(The data Opens)

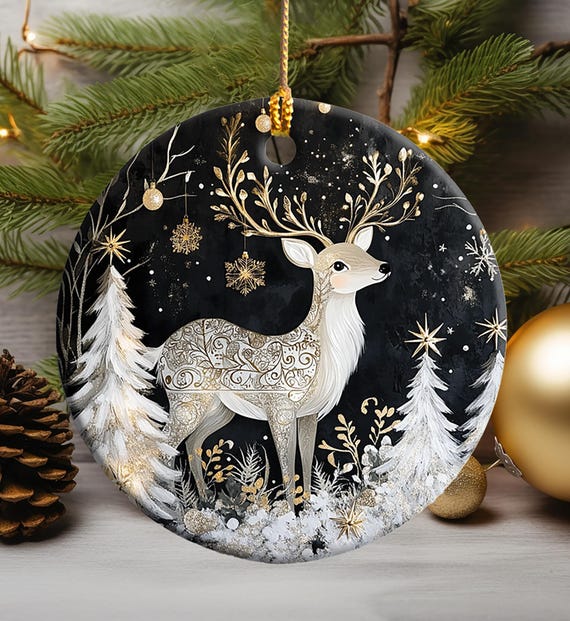 Scandinavian Deer Ceramic Ornament, Nordic Christmas Tree Decoration, Scandi Home Decor, Black & Gold Folk Art Reindeer Gift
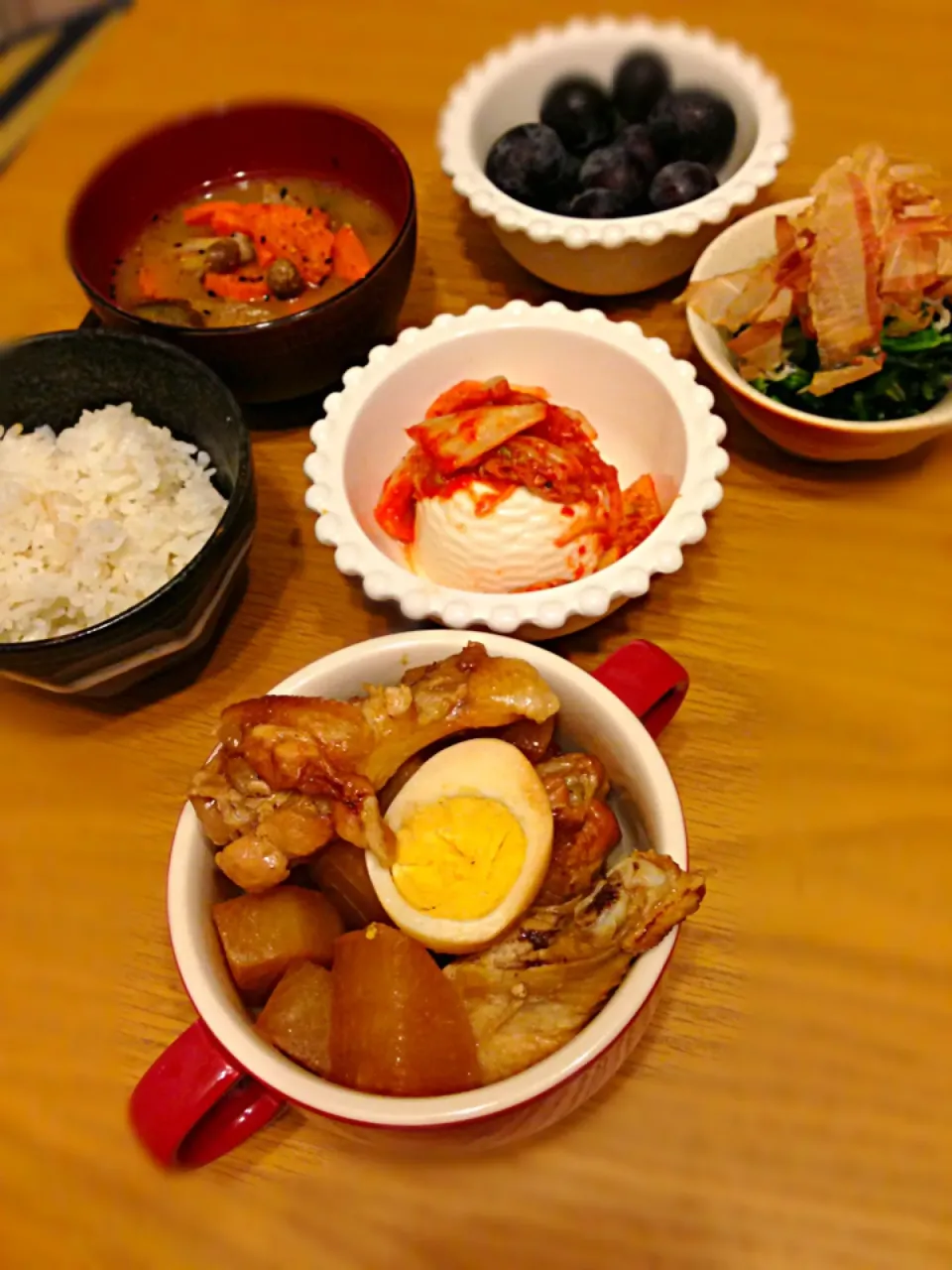 骨付き肉と大根のこってり煮定食|ここママさん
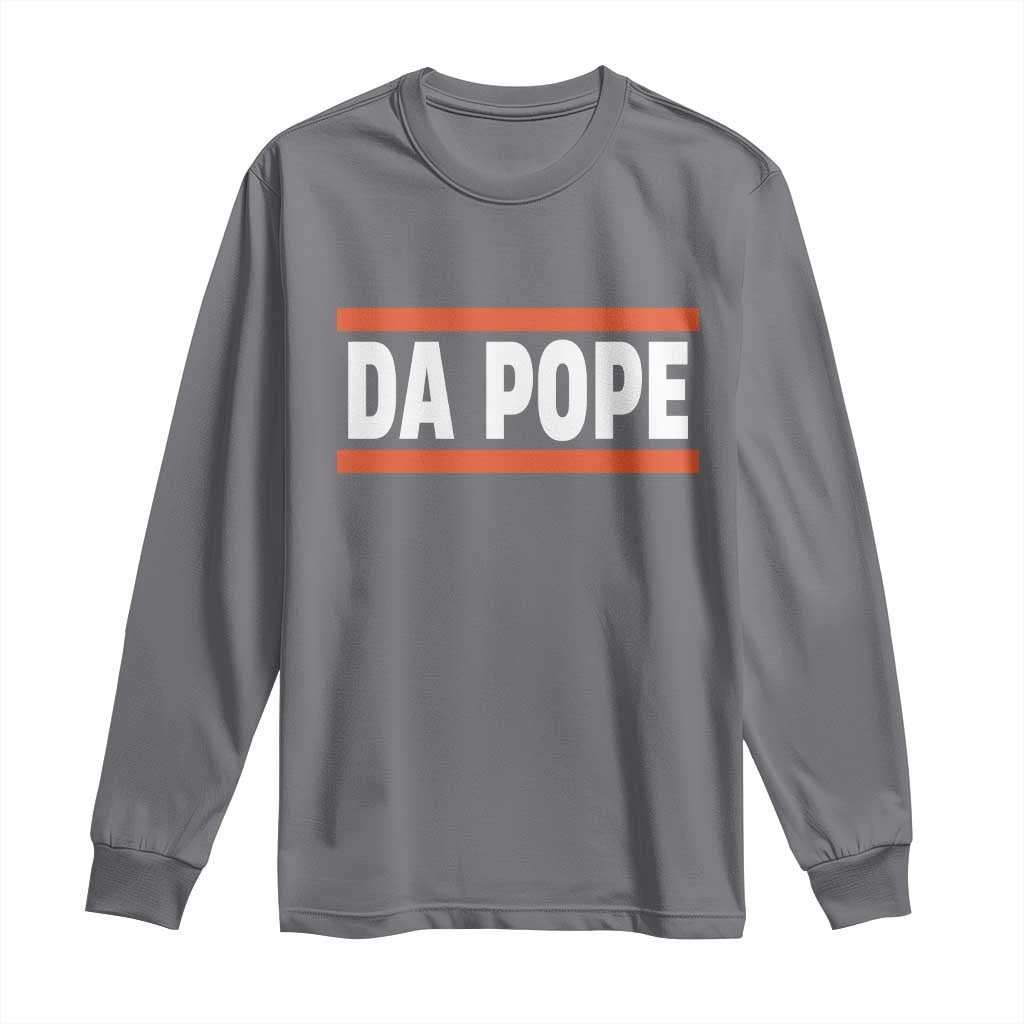 Men's long-sleeve T-shirt in charcoal with “DA POPE” front graphic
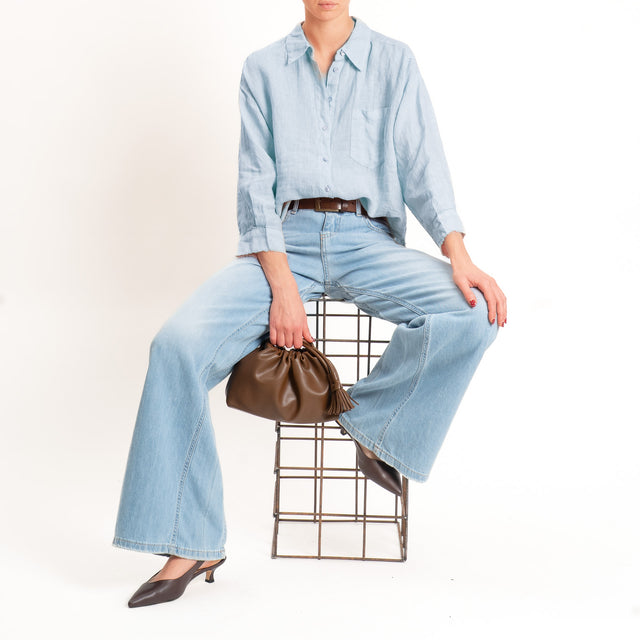 Motel-Camicia 100% lino bordi sfrangiati - sky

(The data Closes)

Write out, with no pictures, only the lines from the line containing "Men's long-sleeve T-shirt" through the last line of the listing above, exactly and with both ends included.

Solution.
 Men's long-sleeve T-shirt in charcoal with “DA POPE” front graphic
 Motel-Camicia 100% lino bordi sfrangiati - sky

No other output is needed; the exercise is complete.